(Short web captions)
== Segment start ==
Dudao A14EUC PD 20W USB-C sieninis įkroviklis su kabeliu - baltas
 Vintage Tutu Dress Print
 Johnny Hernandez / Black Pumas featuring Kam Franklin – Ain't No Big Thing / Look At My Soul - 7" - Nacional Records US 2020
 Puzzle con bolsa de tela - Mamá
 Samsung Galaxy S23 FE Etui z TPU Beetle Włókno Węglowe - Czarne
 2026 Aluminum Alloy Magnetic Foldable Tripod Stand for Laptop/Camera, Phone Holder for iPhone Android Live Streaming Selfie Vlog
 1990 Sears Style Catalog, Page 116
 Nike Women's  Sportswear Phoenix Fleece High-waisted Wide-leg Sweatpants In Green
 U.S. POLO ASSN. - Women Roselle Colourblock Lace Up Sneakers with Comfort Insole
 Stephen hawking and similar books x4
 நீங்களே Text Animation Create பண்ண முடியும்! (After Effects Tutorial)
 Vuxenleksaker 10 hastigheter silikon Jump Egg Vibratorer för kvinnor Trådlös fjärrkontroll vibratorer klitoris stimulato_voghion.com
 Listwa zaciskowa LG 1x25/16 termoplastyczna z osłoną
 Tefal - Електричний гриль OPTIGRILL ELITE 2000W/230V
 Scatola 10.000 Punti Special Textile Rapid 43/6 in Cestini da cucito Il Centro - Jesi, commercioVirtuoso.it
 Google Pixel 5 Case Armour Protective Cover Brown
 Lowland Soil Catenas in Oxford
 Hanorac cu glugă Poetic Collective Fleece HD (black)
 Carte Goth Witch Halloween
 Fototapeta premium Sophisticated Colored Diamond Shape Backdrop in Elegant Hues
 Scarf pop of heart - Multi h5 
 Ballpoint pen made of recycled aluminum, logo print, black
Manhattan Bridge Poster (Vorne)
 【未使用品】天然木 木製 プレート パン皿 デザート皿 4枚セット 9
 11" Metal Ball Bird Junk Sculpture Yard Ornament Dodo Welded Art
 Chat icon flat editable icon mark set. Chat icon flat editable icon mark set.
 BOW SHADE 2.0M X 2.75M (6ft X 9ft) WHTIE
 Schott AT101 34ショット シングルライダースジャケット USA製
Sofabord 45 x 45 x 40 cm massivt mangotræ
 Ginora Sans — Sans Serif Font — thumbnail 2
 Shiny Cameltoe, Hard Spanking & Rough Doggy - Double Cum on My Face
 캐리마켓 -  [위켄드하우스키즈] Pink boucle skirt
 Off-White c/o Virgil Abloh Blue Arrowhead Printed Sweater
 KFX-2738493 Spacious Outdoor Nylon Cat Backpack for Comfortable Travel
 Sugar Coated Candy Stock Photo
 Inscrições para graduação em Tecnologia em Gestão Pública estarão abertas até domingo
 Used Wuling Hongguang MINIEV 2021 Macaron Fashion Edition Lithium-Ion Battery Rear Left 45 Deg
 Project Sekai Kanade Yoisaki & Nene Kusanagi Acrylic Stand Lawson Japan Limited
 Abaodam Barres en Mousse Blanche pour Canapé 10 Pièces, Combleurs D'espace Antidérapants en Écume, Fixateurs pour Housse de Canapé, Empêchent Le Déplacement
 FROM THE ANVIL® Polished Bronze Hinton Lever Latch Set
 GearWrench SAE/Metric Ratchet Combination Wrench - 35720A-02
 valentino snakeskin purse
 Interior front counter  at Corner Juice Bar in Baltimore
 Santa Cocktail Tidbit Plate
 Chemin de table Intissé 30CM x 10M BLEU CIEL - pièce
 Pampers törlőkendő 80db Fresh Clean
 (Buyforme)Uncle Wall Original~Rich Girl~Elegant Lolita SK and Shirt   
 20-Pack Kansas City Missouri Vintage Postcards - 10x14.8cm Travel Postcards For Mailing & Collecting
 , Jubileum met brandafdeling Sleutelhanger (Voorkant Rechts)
== Segment end ==
Reproduce precisely, and with no line left out, each line from the top of the entries through the line that carries "Ginora Sans — Sans Serif Font — thumbnail 2".

Dudao A14EUC PD 20W USB-C sieninis įkroviklis su kabeliu - baltas
 Vintage Tutu Dress Print
 Johnny Hernandez / Black Pumas featuring Kam Franklin – Ain't No Big Thing / Look At My Soul - 7" - Nacional Records US 2020
 Puzzle con bolsa de tela - Mamá
 Samsung Galaxy S23 FE Etui z TPU Beetle Włókno Węglowe - Czarne
 2026 Aluminum Alloy Magnetic Foldable Tripod Stand for Laptop/Camera, Phone Holder for iPhone Android Live Streaming Selfie Vlog
 1990 Sears Style Catalog, Page 116
 Nike Women's  Sportswear Phoenix Fleece High-waisted Wide-leg Sweatpants In Green
 U.S. POLO ASSN. - Women Roselle Colourblock Lace Up Sneakers with Comfort Insole
 Stephen hawking and similar books x4
 நீங்களே Text Animation Create பண்ண முடியும்! (After Effects Tutorial)
 Vuxenleksaker 10 hastigheter silikon Jump Egg Vibratorer för kvinnor Trådlös fjärrkontroll vibratorer klitoris stimulato_voghion.com
 Listwa zaciskowa LG 1x25/16 termoplastyczna z osłoną
 Tefal - Електричний гриль OPTIGRILL ELITE 2000W/230V
 Scatola 10.000 Punti Special Textile Rapid 43/6 in Cestini da cucito Il Centro - Jesi, commercioVirtuoso.it
 Google Pixel 5 Case Armour Protective Cover Brown
 Lowland Soil Catenas in Oxford
 Hanorac cu glugă Poetic Collective Fleece HD (black)
 Carte Goth Witch Halloween
 Fototapeta premium Sophisticated Colored Diamond Shape Backdrop in Elegant Hues
 Scarf pop of heart - Multi h5 
 Ballpoint pen made of recycled aluminum, logo print, black
Manhattan Bridge Poster (Vorne)
 【未使用品】天然木 木製 プレート パン皿 デザート皿 4枚セット 9
 11" Metal Ball Bird Junk Sculpture Yard Ornament Dodo Welded Art
 Chat icon flat editable icon mark set. Chat icon flat editable icon mark set.
 BOW SHADE 2.0M X 2.75M (6ft X 9ft) WHTIE
 Schott AT101 34ショット シングルライダースジャケット USA製
Sofabord 45 x 45 x 40 cm massivt mangotræ
 Ginora Sans — Sans Serif Font — thumbnail 2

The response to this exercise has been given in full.